Anyone who thinks the seeming rise of Irish Labour represents a rebirth of social democracy is sorely mistaken.

Jason Walsh

Topics World

As Britain’s Labour Party tries to put itself back together in Humpty Dumpty fashion, it is becoming increasingly clear that it is not the only social democratic party on the rocks. Even one of the few left parties on the rise, Irish Labour, is more of a zombie than a mass movement of people.

Ireland’s Labour party is heading for a historic breakthrough in the polls, even being tipped to lead the next Irish government for the first time in its history. Unsurprisingly then, many are asking why should this happen some 98 years after the party was founded and just as other European social democratic parties are falling to pieces?

A Millward Brown poll for the television station TV3 saw Labour surge by 16 points to 35 per cent, which, if replicated in an election, would represent an historic high for the party. Senior Labour figures immediately crowed the figures, with leader Eamon Gilmore saying the party could win more than 50 of the 166 seats in the next election.

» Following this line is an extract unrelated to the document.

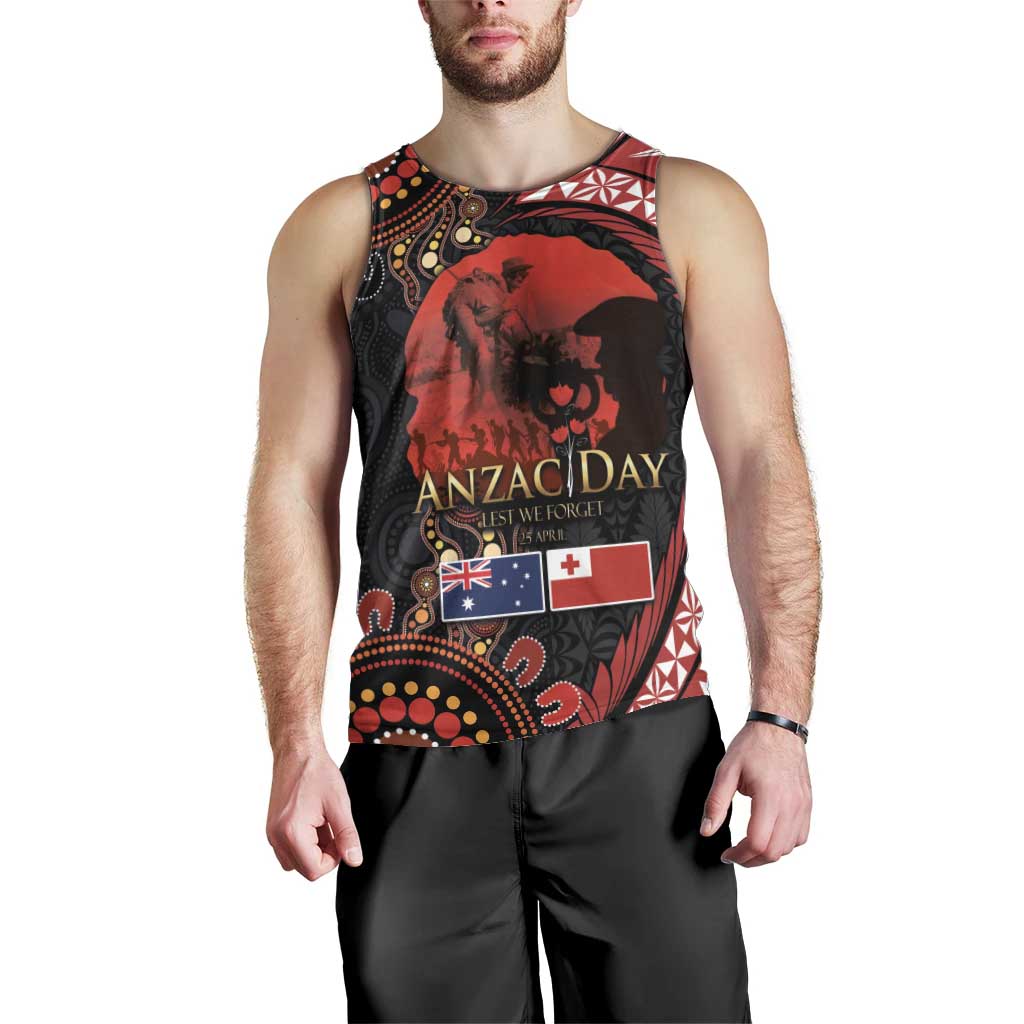 Tonga and Australia ANZAC Day Men Tank Top Aboriginal and Ngatu Art Pattern - Gallipoli Lest We Forget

Admittedly, just two days later, a second poll nixed Labour’s prospects, putting the party back into its traditional role as the third wheel of Irish elections, with its support at 23 per cent. Despite this difference of opinion, though, it is clear that Labour is more popular than ever.

Until now, Labour has never been a particularly significant force in Irish politics. Despite being founded by the titanic figure of Marxist revolutionary James Connolly, throughout much of the twentieth century the party was little more than a collection of liberals and political gadflies made homeless by Ireland’s turbulent history. It has generally confined itself to propping up centre-right governments led by the conservatives of Fine Gael.

Ireland didn’t experience a traditional left-right battle of ideas during the twentieth century. Deformed by Partition and the Civil War, the country’s two main parties both grew out of wings of the IRA. Fianna Fáil represented a kind of populist conservatism while Fine Gael stood for a snootier, law’n’order conservatism. Various left-radical parties popped up, from both within and without the ranks of the IRA, but their fortunes ebbed and flowed with the times and none ever achieved anything like mass support.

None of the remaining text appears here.